Records for this exercise

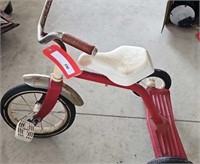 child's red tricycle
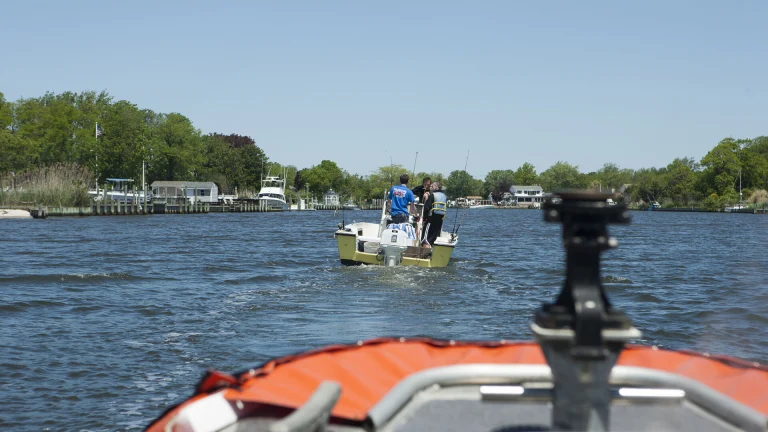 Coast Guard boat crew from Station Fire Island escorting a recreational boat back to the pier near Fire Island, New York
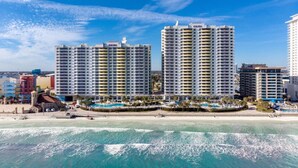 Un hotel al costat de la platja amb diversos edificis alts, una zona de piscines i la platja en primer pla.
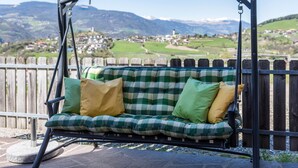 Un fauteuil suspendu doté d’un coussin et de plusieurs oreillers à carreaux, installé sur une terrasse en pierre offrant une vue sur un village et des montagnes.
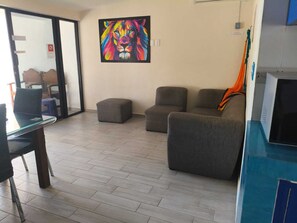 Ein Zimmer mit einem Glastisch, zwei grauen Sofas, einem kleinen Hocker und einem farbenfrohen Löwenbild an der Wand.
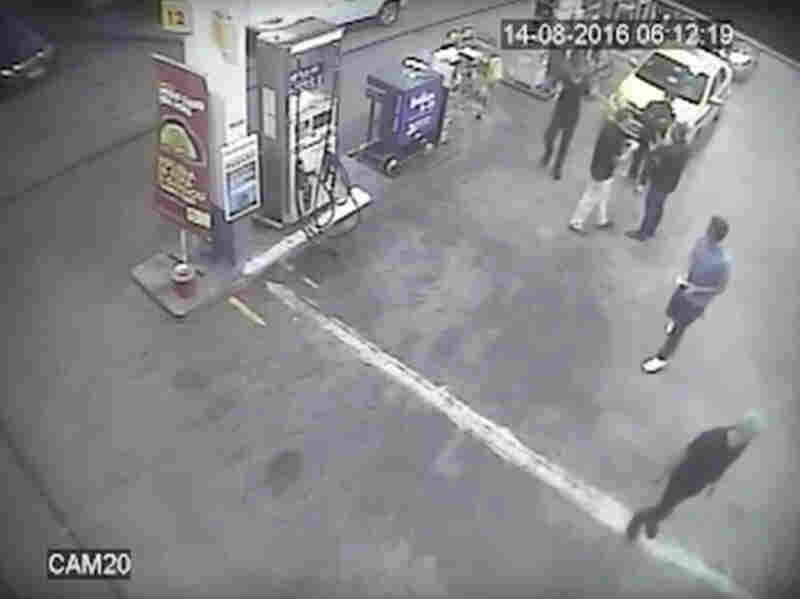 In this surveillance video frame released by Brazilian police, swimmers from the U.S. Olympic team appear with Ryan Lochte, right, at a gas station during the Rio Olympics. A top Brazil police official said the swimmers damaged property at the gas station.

==

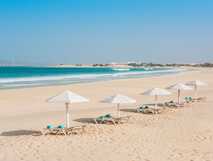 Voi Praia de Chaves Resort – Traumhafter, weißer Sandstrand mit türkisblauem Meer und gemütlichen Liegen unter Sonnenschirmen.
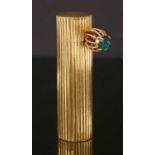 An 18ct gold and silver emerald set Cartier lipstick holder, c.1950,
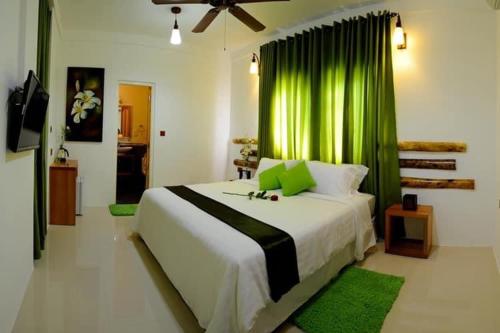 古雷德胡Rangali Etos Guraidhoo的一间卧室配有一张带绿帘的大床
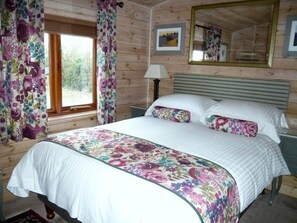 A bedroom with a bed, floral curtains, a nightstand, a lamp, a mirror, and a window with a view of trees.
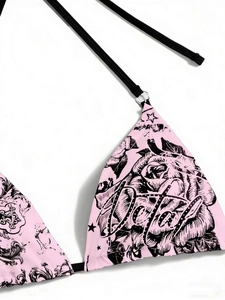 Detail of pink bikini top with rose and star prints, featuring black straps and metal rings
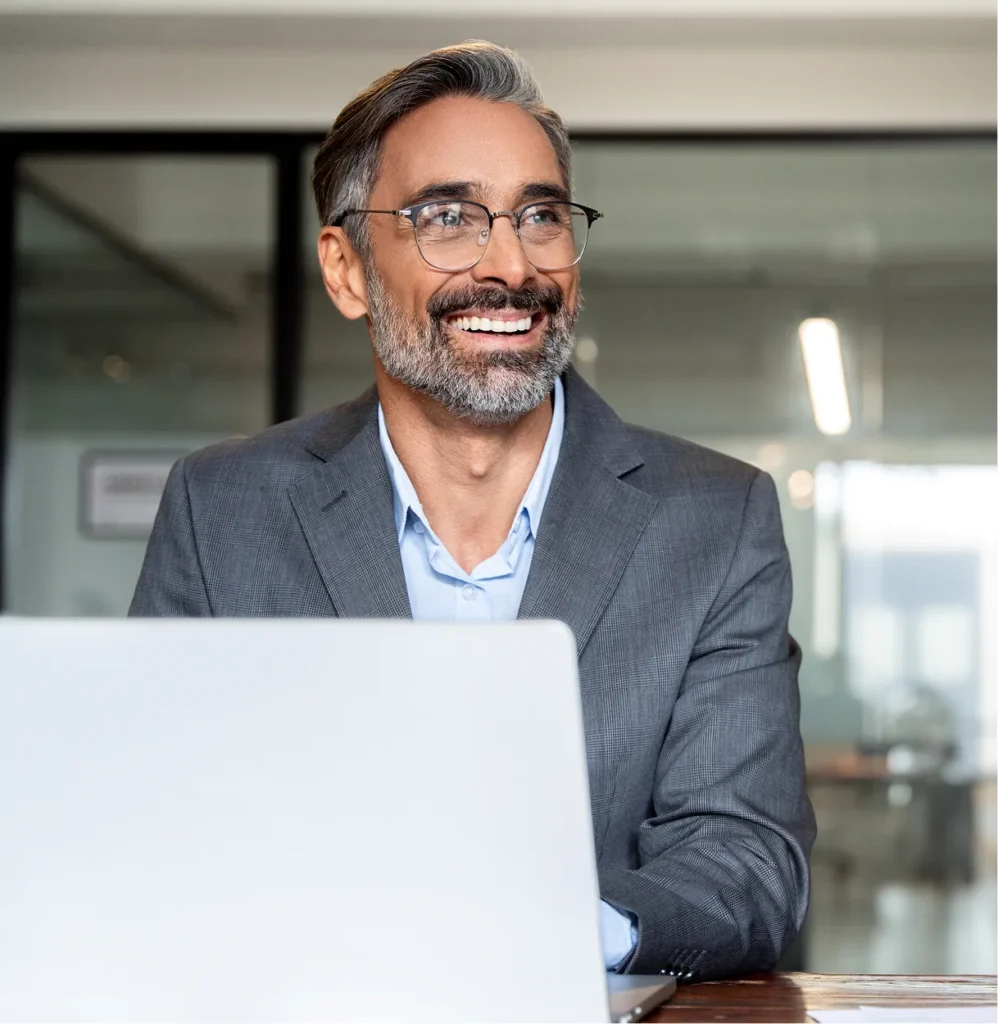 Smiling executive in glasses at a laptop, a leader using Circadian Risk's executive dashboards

Work instruction
The reply should hold exactly the lines above, starting at the line with "child's red tricycle" and ending at the line with "Un hotel al", and no pictures.

Response for this exercise
 child's red tricycle
 Coast Guard boat crew from Station Fire Island escorting a recreational boat back to the pier near Fire Island, New York
 Un hotel al costat de la platja amb diversos edificis alts, una zona de piscines i la platja en primer pla.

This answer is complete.